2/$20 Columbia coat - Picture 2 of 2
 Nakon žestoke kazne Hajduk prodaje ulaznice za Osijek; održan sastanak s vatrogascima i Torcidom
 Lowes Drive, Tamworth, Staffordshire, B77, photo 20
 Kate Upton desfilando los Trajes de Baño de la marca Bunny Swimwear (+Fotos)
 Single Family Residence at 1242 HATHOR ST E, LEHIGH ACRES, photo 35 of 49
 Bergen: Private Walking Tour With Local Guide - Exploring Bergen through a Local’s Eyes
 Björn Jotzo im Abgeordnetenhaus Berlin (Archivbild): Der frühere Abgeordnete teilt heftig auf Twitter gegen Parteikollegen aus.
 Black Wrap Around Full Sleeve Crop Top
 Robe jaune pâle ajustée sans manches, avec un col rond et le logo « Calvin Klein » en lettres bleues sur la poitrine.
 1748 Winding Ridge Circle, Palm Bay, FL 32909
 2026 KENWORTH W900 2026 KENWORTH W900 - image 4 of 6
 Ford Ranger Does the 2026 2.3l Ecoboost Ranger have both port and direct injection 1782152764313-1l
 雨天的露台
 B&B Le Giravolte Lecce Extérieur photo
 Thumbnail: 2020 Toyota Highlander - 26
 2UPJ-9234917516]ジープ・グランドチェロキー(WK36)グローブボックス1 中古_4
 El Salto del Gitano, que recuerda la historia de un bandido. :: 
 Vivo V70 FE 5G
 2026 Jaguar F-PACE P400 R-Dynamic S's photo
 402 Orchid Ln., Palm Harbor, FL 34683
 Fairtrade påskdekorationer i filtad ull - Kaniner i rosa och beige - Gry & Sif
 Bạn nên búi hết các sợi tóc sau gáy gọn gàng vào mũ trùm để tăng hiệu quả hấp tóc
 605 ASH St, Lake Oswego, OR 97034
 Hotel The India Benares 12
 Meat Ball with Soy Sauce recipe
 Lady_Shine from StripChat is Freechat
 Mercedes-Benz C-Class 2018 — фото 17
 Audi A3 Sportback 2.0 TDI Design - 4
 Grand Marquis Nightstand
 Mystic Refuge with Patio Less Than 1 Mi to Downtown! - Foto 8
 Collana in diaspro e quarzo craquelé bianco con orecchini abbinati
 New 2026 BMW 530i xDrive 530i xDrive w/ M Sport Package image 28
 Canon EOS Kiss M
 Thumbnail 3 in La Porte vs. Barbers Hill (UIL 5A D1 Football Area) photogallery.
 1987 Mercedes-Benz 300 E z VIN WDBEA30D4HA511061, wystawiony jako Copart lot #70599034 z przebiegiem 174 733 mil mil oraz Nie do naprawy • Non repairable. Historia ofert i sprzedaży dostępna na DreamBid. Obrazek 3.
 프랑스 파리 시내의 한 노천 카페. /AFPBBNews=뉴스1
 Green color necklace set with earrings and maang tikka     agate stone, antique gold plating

========================================================================

=== What to produce ===
In the data above, start at the line that has "Single Family Residence", stop after the line that has "Black Wrap Around Full Sleeve Crop Top", and print every line in between exactly as it stands.

=== Exercise solution ===
 Single Family Residence at 1242 HATHOR ST E, LEHIGH ACRES, photo 35 of 49
 Bergen: Private Walking Tour With Local Guide - Exploring Bergen through a Local’s Eyes
 Björn Jotzo im Abgeordnetenhaus Berlin (Archivbild): Der frühere Abgeordnete teilt heftig auf Twitter gegen Parteikollegen aus.
 Black Wrap Around Full Sleeve Crop Top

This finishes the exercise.